● **What to do**
In the records below, find the line with "2023 Winter Elegant", then copy each line exactly until you have copied the line with "Men vi sinh". Leave any picture out.

● **Exercise materials**
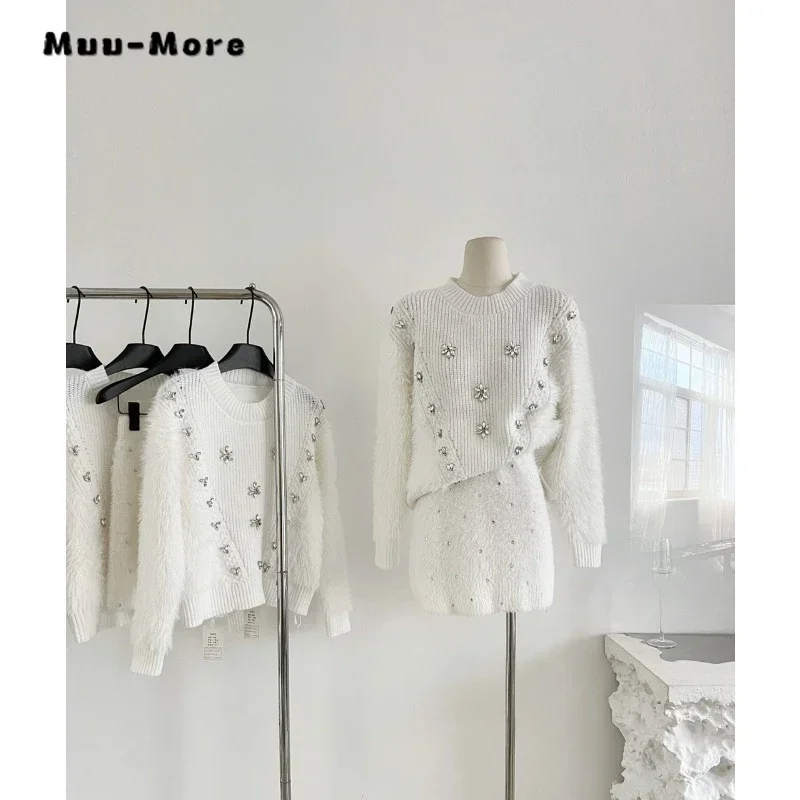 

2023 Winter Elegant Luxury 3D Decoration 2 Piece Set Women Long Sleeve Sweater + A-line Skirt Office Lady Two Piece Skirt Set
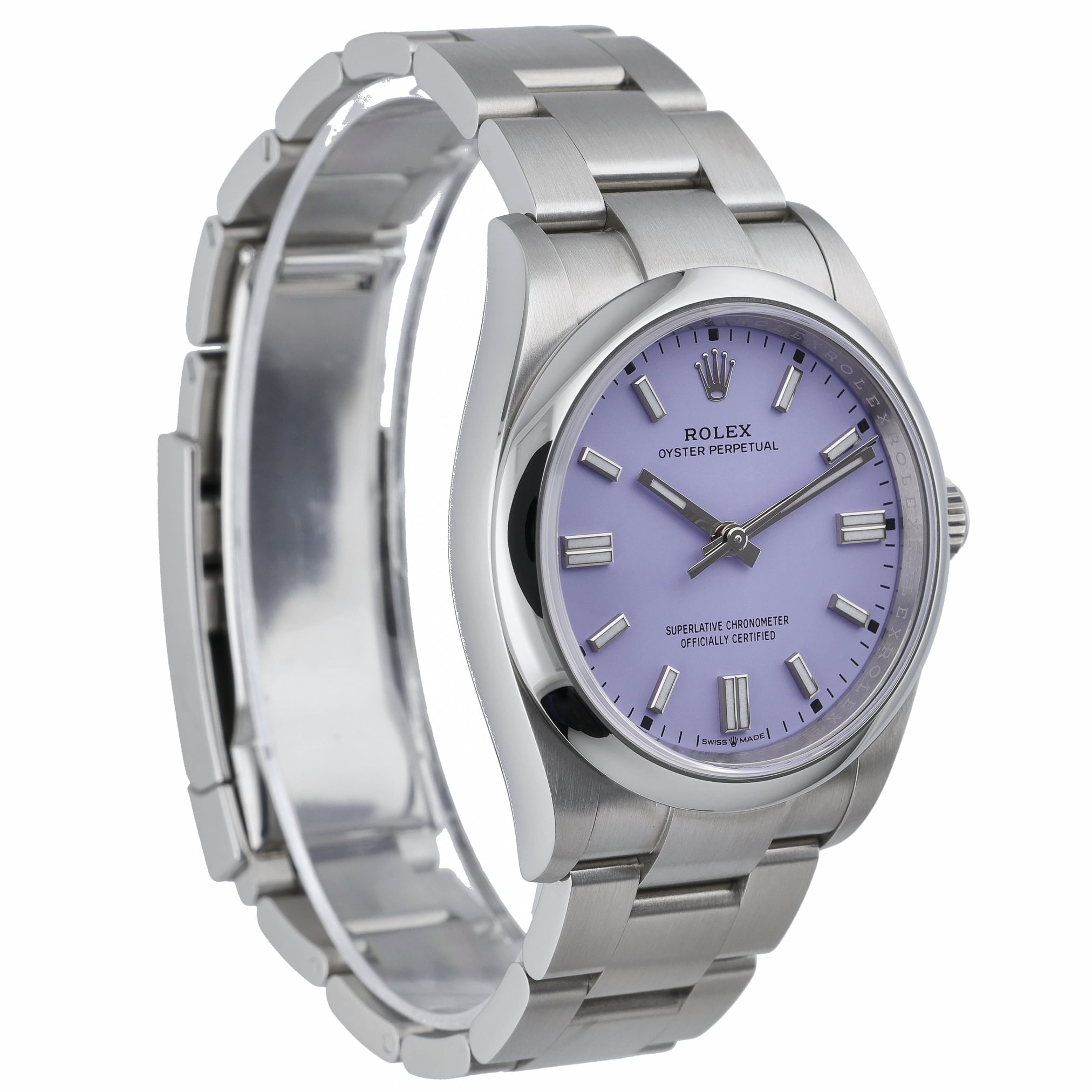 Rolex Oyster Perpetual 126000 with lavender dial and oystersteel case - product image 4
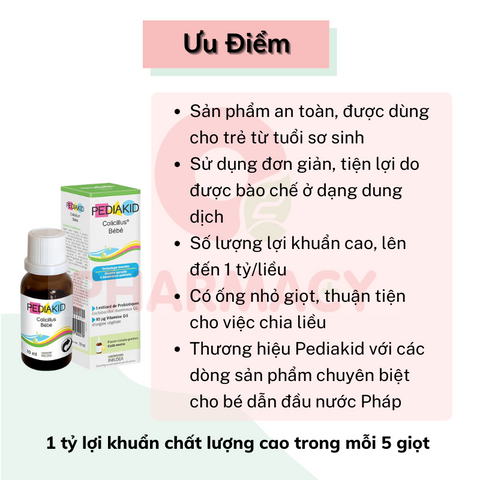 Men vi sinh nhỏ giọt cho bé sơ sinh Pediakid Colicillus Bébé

* * *

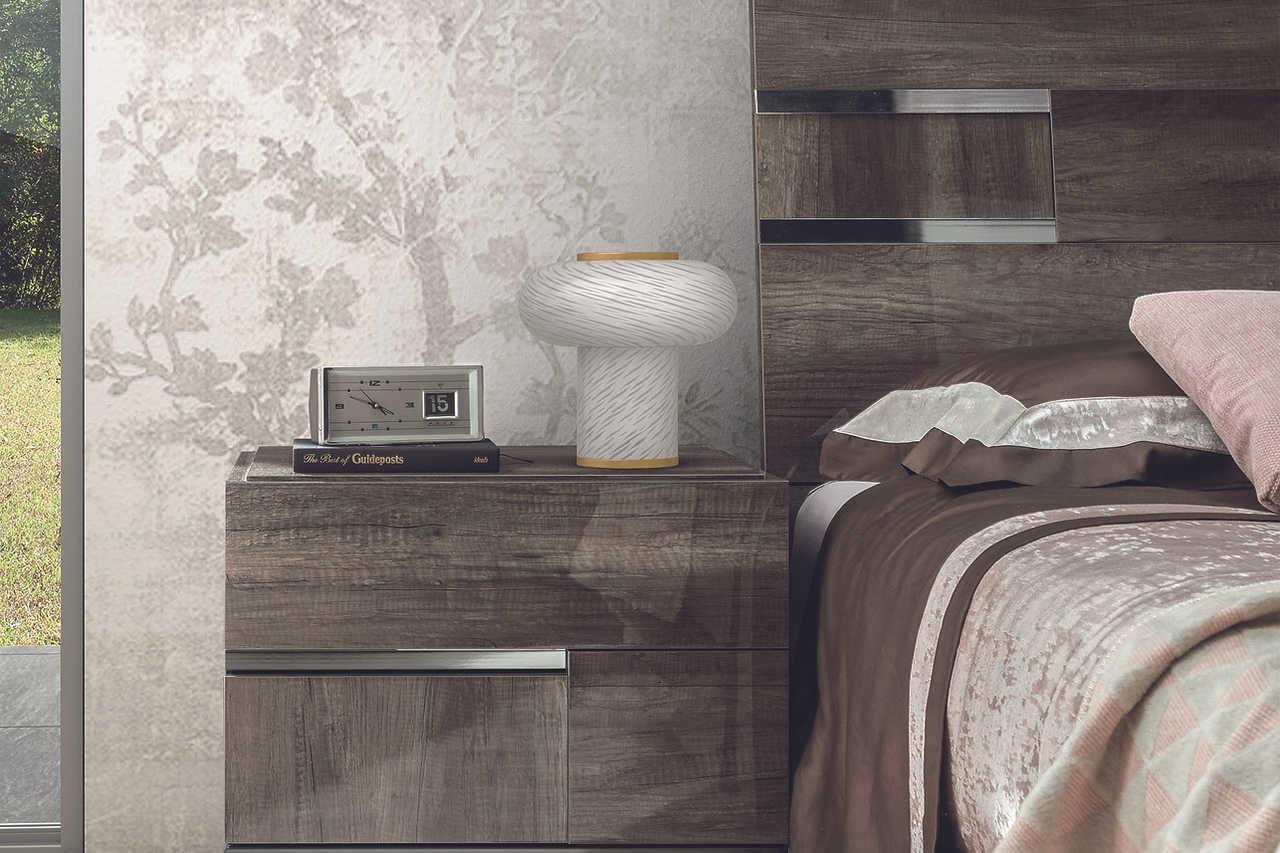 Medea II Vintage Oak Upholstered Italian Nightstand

==

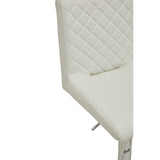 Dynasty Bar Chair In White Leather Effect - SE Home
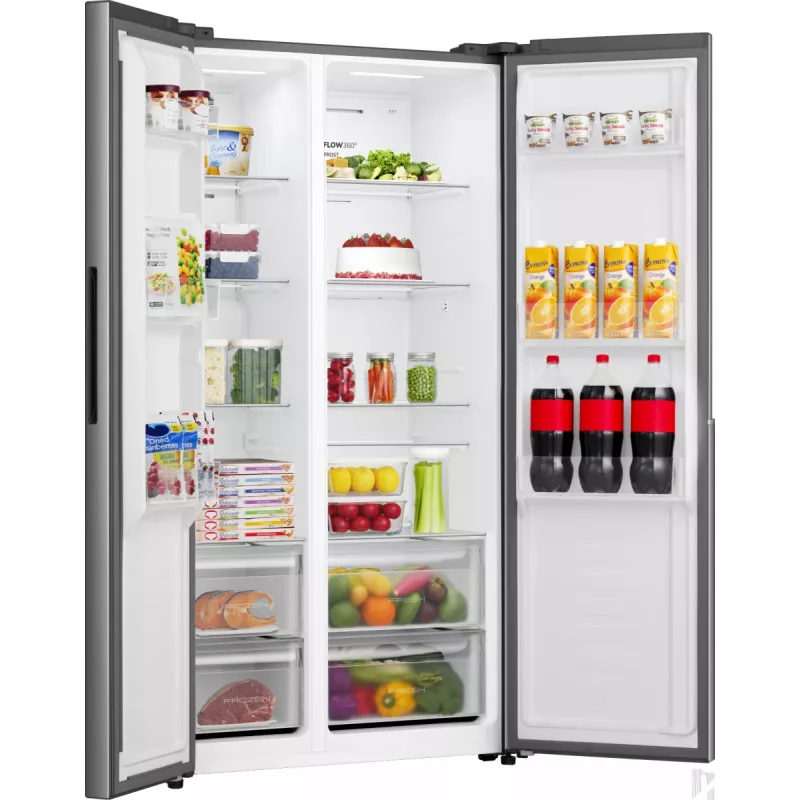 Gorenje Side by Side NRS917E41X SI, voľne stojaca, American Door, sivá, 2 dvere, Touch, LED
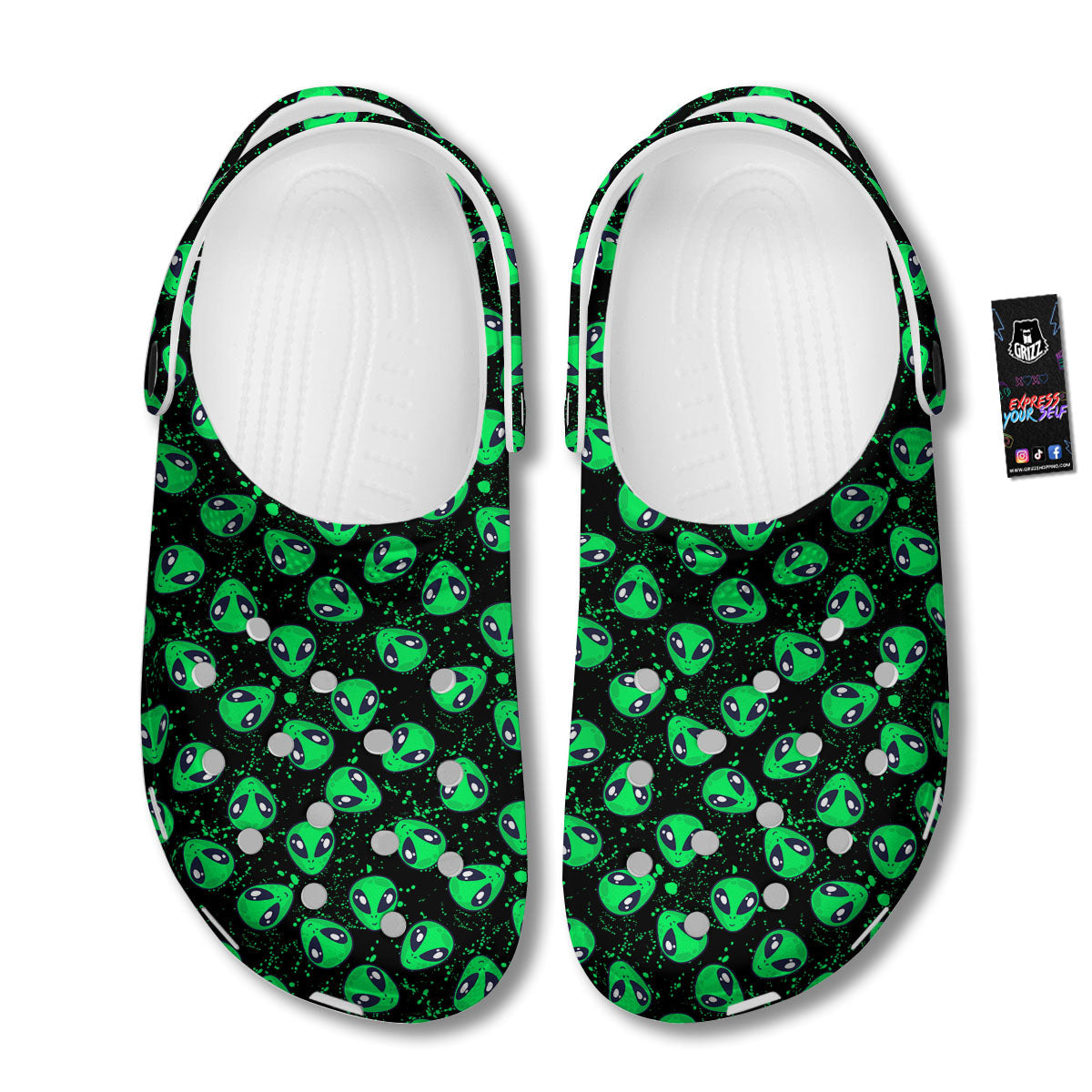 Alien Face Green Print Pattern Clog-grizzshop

● **Output below**
2023 Winter Elegant Luxury 3D Decoration 2 Piece Set Women Long Sleeve Sweater + A-line Skirt Office Lady Two Piece Skirt Set
 Rolex Oyster Perpetual 126000 with lavender dial and oystersteel case - product image 4
 Men vi sinh nhỏ giọt cho bé sơ sinh Pediakid Colicillus Bébé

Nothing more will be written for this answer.